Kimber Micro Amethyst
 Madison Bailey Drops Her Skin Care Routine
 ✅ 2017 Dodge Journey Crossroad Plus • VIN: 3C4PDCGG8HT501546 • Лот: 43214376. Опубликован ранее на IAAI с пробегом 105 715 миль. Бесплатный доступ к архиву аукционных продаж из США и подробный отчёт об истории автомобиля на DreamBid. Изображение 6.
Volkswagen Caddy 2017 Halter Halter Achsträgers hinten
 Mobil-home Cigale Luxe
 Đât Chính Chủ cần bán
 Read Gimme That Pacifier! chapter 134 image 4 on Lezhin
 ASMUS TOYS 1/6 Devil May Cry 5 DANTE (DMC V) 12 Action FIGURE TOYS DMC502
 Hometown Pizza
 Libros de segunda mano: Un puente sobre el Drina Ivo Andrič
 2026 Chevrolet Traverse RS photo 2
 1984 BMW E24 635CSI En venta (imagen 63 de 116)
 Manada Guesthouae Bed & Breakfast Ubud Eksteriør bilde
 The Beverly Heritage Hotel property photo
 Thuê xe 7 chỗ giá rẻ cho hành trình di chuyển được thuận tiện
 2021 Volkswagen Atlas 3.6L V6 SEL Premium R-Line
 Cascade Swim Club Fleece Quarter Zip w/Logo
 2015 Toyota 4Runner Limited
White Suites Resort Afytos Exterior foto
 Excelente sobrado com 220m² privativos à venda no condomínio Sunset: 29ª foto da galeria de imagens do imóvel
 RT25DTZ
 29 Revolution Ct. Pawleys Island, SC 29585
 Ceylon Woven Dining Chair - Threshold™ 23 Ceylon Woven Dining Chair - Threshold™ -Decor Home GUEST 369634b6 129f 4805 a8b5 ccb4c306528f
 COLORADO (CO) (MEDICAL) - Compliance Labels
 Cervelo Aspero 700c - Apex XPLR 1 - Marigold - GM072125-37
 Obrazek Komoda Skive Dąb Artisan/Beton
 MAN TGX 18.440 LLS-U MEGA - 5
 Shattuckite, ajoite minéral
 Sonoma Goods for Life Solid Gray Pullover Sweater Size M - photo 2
= = =
Output each line of the material exactly as it was written above.

OUTPUT:
Kimber Micro Amethyst
 Madison Bailey Drops Her Skin Care Routine
 ✅ 2017 Dodge Journey Crossroad Plus • VIN: 3C4PDCGG8HT501546 • Лот: 43214376. Опубликован ранее на IAAI с пробегом 105 715 миль. Бесплатный доступ к архиву аукционных продаж из США и подробный отчёт об истории автомобиля на DreamBid. Изображение 6.
Volkswagen Caddy 2017 Halter Halter Achsträgers hinten
 Mobil-home Cigale Luxe
 Đât Chính Chủ cần bán
 Read Gimme That Pacifier! chapter 134 image 4 on Lezhin
 ASMUS TOYS 1/6 Devil May Cry 5 DANTE (DMC V) 12 Action FIGURE TOYS DMC502
 Hometown Pizza
 Libros de segunda mano: Un puente sobre el Drina Ivo Andrič
 2026 Chevrolet Traverse RS photo 2
 1984 BMW E24 635CSI En venta (imagen 63 de 116)
 Manada Guesthouae Bed & Breakfast Ubud Eksteriør bilde
 The Beverly Heritage Hotel property photo
 Thuê xe 7 chỗ giá rẻ cho hành trình di chuyển được thuận tiện
 2021 Volkswagen Atlas 3.6L V6 SEL Premium R-Line
 Cascade Swim Club Fleece Quarter Zip w/Logo
 2015 Toyota 4Runner Limited
White Suites Resort Afytos Exterior foto
 Excelente sobrado com 220m² privativos à venda no condomínio Sunset: 29ª foto da galeria de imagens do imóvel
 RT25DTZ
 29 Revolution Ct. Pawleys Island, SC 29585
 Ceylon Woven Dining Chair - Threshold™ 23 Ceylon Woven Dining Chair - Threshold™ -Decor Home GUEST 369634b6 129f 4805 a8b5 ccb4c306528f
 COLORADO (CO) (MEDICAL) - Compliance Labels
 Cervelo Aspero 700c - Apex XPLR 1 - Marigold - GM072125-37
 Obrazek Komoda Skive Dąb Artisan/Beton
 MAN TGX 18.440 LLS-U MEGA - 5
 Shattuckite, ajoite minéral
 Sonoma Goods for Life Solid Gray Pullover Sweater Size M - photo 2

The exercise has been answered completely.